Question

Write an LEGv8 assembly program to compute the sum of the generated Fibonacci series. Do not use recursion. Assume the user input n is a 64-bit non-zero positive integer which is stored in X19 and n is the range of the series. Compute the sum of the generated Fibonacci series and store the sum in X20. For example, a Fibonacci series with range of 5 will have 7 terms (0, 1, 1, 2, 3, 5, 8) and the sum is 20. The first two terms (0 and 1) are considered as default terms and is not included in the range.

Answer 1

To compute the sum of a generated Fibonacci series in LEGv8 assembly without using recursion, use an iterative approach. Initialize X20 to 0 and X21 and X22 to represent the first two terms. Use a loop to generate the next term, update the sum, and update the values of X21 and X22. Repeat until the desired number of terms is reached.

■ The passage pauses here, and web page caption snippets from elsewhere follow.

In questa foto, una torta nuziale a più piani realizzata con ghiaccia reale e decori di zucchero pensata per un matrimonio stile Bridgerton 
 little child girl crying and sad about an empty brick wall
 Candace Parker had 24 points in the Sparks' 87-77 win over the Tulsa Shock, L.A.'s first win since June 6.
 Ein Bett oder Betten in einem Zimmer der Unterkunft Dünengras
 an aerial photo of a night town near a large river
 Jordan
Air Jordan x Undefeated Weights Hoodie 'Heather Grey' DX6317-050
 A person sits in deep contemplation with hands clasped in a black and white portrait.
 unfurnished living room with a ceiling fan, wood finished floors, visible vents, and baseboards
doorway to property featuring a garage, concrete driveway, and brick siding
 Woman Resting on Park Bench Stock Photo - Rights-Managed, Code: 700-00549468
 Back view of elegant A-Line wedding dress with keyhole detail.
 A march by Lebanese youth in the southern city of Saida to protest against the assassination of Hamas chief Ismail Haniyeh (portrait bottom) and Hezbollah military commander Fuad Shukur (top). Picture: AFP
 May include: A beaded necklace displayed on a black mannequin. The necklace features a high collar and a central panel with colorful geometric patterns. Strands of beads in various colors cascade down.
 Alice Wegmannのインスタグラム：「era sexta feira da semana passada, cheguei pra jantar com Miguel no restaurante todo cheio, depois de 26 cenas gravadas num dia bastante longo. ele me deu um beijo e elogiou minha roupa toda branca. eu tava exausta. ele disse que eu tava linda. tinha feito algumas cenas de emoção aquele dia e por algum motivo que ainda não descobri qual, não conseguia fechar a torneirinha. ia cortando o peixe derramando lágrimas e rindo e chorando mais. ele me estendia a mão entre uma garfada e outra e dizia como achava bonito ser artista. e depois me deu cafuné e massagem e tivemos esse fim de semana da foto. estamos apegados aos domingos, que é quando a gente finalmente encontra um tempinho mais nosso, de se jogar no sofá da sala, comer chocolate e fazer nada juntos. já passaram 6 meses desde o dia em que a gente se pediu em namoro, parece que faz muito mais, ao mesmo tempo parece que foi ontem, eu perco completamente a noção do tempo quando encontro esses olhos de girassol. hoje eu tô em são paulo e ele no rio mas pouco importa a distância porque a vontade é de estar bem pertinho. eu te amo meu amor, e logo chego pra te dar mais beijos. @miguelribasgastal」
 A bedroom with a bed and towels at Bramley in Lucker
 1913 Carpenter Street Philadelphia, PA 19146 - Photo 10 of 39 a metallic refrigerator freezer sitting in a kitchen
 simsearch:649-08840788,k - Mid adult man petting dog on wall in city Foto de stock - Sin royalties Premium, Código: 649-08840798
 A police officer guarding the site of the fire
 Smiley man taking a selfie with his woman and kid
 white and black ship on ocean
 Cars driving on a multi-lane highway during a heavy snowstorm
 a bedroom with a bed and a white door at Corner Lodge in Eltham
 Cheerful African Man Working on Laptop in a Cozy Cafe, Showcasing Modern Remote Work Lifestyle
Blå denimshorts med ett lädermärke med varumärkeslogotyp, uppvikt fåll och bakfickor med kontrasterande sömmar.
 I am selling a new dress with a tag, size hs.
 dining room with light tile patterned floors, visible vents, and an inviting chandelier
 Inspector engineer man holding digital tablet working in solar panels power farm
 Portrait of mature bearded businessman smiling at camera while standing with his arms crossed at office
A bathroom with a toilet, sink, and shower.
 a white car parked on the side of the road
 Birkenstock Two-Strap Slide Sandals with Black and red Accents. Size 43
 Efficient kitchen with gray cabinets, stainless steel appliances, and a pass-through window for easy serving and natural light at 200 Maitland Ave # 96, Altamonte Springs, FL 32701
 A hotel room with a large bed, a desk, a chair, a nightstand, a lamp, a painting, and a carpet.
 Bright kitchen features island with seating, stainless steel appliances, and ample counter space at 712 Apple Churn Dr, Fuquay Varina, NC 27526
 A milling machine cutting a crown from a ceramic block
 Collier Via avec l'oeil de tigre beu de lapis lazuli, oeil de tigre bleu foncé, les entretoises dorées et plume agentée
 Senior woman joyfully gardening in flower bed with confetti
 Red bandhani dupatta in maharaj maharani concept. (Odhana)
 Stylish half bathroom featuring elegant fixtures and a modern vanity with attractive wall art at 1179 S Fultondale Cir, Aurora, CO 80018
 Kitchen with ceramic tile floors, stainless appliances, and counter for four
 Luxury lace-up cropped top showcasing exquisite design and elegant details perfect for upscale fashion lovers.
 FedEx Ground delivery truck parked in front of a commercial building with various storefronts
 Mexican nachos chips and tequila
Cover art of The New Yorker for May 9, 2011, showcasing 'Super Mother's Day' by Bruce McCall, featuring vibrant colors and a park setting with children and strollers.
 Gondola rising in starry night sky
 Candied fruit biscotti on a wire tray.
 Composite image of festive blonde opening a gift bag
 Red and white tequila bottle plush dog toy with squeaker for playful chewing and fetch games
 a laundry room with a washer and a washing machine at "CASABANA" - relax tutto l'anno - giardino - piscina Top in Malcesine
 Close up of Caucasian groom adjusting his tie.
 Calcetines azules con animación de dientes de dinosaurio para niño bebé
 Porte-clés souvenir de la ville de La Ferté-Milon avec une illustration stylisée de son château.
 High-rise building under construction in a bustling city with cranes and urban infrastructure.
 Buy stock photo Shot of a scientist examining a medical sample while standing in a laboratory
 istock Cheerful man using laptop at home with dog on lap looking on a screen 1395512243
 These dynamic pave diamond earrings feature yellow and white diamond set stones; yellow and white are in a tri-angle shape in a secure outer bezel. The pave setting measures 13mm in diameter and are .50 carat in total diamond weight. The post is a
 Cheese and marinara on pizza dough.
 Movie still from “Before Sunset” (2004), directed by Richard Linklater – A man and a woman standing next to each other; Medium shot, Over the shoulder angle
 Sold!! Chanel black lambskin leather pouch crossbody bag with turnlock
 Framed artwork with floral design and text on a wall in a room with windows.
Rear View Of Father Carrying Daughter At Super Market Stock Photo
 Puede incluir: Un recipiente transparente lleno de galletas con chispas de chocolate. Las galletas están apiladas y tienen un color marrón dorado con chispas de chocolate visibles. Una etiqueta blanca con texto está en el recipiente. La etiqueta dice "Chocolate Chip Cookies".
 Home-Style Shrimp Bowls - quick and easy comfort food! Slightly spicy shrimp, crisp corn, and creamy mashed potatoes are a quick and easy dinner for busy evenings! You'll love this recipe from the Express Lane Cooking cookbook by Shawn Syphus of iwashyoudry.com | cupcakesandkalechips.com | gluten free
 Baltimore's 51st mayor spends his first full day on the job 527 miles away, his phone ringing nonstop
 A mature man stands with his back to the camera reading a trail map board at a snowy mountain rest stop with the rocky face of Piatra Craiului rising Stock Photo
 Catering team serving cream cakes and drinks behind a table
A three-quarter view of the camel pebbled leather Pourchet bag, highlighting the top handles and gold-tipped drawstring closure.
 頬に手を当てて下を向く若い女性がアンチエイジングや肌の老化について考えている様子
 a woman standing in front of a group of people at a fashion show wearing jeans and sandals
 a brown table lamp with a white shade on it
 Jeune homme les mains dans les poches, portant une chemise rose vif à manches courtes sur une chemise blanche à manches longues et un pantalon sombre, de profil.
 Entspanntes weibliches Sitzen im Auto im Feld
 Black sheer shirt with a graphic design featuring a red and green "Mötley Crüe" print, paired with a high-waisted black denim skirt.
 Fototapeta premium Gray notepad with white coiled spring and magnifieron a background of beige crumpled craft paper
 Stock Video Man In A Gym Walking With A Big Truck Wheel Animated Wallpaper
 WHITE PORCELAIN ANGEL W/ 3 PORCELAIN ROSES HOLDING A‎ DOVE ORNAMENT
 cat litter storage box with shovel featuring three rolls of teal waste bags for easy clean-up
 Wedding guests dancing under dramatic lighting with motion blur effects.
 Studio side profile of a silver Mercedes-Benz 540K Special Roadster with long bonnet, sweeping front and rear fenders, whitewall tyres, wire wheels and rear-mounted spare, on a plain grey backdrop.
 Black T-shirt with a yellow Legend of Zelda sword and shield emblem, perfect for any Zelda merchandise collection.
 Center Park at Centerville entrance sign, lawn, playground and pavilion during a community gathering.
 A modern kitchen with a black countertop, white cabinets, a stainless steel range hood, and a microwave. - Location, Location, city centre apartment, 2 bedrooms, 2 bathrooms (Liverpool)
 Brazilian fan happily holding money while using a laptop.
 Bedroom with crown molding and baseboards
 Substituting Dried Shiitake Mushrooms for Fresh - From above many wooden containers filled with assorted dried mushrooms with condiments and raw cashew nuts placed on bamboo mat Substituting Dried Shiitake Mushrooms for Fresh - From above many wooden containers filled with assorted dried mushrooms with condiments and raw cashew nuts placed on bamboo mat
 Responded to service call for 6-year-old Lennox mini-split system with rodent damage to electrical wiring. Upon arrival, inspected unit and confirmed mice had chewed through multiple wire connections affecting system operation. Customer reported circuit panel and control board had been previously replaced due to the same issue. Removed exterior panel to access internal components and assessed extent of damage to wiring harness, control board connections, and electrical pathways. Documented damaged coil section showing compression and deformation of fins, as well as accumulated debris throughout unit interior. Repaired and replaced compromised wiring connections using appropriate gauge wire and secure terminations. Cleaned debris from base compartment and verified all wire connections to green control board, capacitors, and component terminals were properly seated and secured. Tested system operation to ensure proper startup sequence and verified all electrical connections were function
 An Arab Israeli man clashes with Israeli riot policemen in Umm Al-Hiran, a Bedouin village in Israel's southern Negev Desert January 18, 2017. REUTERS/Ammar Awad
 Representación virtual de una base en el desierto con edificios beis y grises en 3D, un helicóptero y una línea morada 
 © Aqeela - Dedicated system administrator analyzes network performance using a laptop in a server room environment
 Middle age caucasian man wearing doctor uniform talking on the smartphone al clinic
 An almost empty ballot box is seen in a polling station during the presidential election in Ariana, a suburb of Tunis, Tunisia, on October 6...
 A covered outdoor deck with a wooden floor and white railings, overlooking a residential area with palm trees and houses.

The final sum will be stored in X20.

Step-by-step explanation:

Solution:

To compute the sum of a generated Fibonacci series in LEGv8 assembly without using recursion, you can use an iterative approach. Here's how you can do it:

1. Initialize X20 to 0 to store the sum.
2. Initialize X21 and X22 to 0 and 1, respectively, to represent the first two terms of the series.
3. Use a loop to generate the next term of the series.
4. Inside the loop, add the current term (X22) to X20 to update the sum.
5. Update the values of X21 and X22 by shifting X22 to X21 and adding X21 and X22 to get the next term.
6. Repeat steps 4 and 5 until the desired number of terms (n-2) is reached.
7. The final sum will be stored in X20.

Here's an example implementation:

.section .data

.section .text
.align 2
.globl _start

_start:
movi x20, 0 // Initialize sum to 0
movi x21, 0 // Initialize term 1 to 0
movi x22, 1 // Initialize term 2 to 1

loop:
add x20, x20, x22 // Add current term to sum
add x21, x22, x21 // Update term 1
add x22, x21, x22 // Update term 2
subi x19, x19, 1 // Decrement n
bnez x19, loop // Loop until n=0

// Sum of Fibonacci series is stored in x20

// Exit
mov x0, x20
movi x1, 93 // Exit syscall number
syscall

Answer 2

The program assumes that the user input n is a 64-bit non-zero positive integer stored in X19 and computes the sum, storing it in X20.

.data

sum: .quad 0 // Initialize sum to 0

.text

.global _start

_start:

LDR X20, sum // Load initial sum value

LDR X21, #0 // Initialize current Fibonacci term

LDR X22, #1 // Initialize next Fibonacci term

LDR X19, [X19] // Load the value of n

CMP X19, #0 // Check if n is 0

BEQ end_program

CMP X19, #1 // Check if n is 1

BEQ end_program

ADD X19, X19, #-2 // Adjust n to get the correct number of terms

fibonacci_loop:

ADD X23, X21, X22 // Calculate the next Fibonacci term

ADD X20, X20, X23 // Add the term to the sum

MOV X21, X22 // Update the current term

MOV X22, X23 // Update the next term

ADD X19, X19, #-1 // Decrement the counter

CBZ X19, end_program // Check if we have reached the end of the series

B fibonacci_loop // Repeat the loop

end_program:

STR X20, sum // Store the final sum

// Exit the program (you may need to use appropriate system call)